FIGURE 2.

R7BP or GPR158 cause redistribution of RGS7 from cytoplasmic granules to plasma membrane. HEK293T cells were co-transfected with taggedRGS7 and Gβ₅, with or without FLAG-R7BP (A and B) or GPR158-Myc (A and C) plasmids. A, YFP-RGS7 was immunoprecipitated from the cell lysate, and the eluates were probed for RGS7, Gβ₅, and R7BP. B, immunoprecipitated YFP-RGS7 complex was probed for RGS7, Gβ₅, and GPR158. C, cells expressing YFP-RGS7 and Gβ₅ (top row), or these proteins together with FLAG-R7BP (middle row), or GPR158-Myc (bottom row) were analyzed by confocal microscopy. YFP-RGS7 was detected by epifluorescence, and R7BP or GPR158 were detected using antibodies against FLAG or Myc tag, respectively. D, quantification of the result in C. Regions of interest corresponding to plasma membrane (cell periphery) and cytosol were selected within a cell.
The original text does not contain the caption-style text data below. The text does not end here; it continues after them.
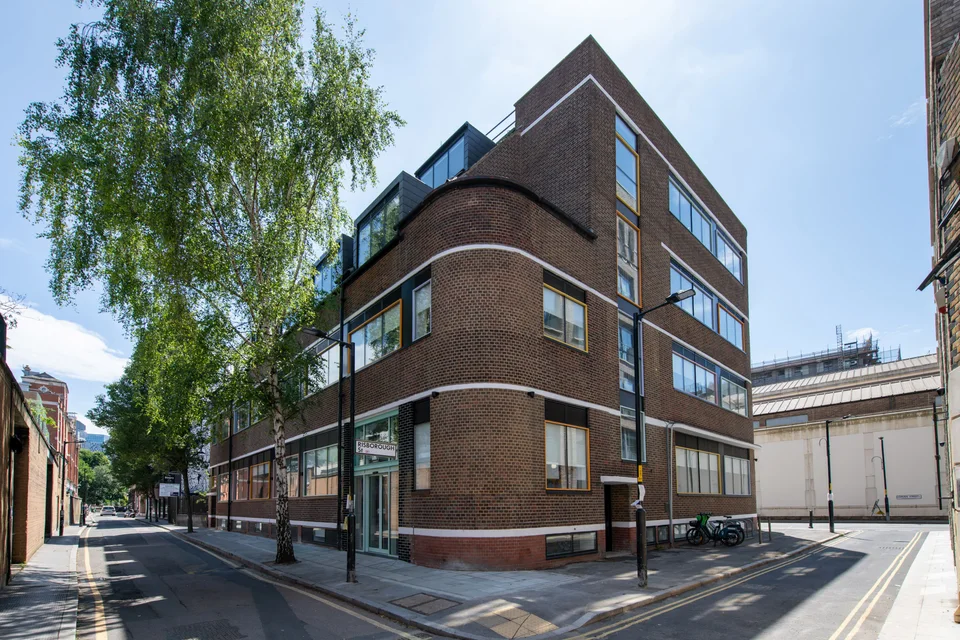 Southwark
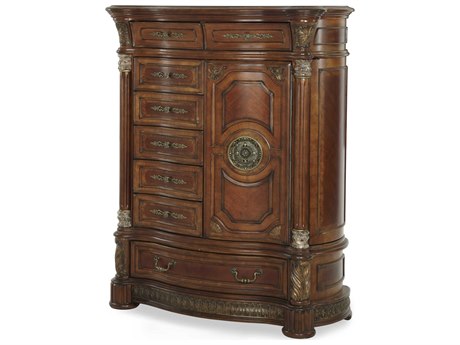 Accent Cabinets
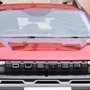 Rẻ hơn Hyundai Grand i10, SUV 5 chỗ giá chỉ 310 triệu đồng đẹp sang trọng, trang bị tiện nghi vượt tầm giá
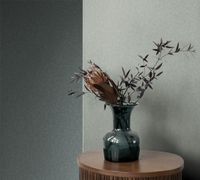 Товар: Обои Marburg Touch арт-98844 - фото 3 Обои Marburg Touch арт-98844 — фото 3, Обои для стен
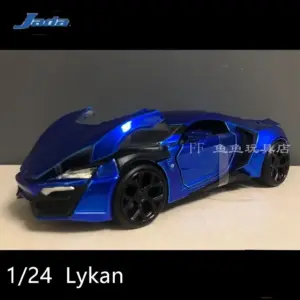 Sf7f1daffb9b341709d7e46b6288f10afD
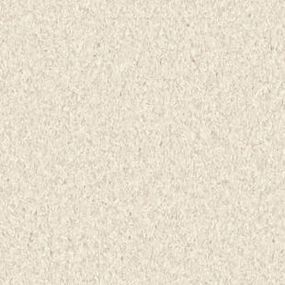 Лінолеум Tarkett iQ Granit White Beige 0325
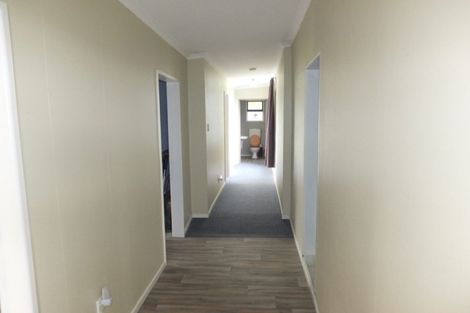 Photo of property in 6 Stoke Street, Oamaru, 9400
Fluorescence intensities within these regions were measured using Leica LAS AF Lite image analysis software. The data show the means ± S.D. of the plasma membrane to cytosol ratio of the YFP-RGS7 fluorescence. ***, p <0.001. For every condition, we analyzed 20–25 cells in each of three independent transfection experiments. The ratio of 1:1 in the absence of R7BP and GPR158 represents the fluorescence distribution for cytosol-localized proteins.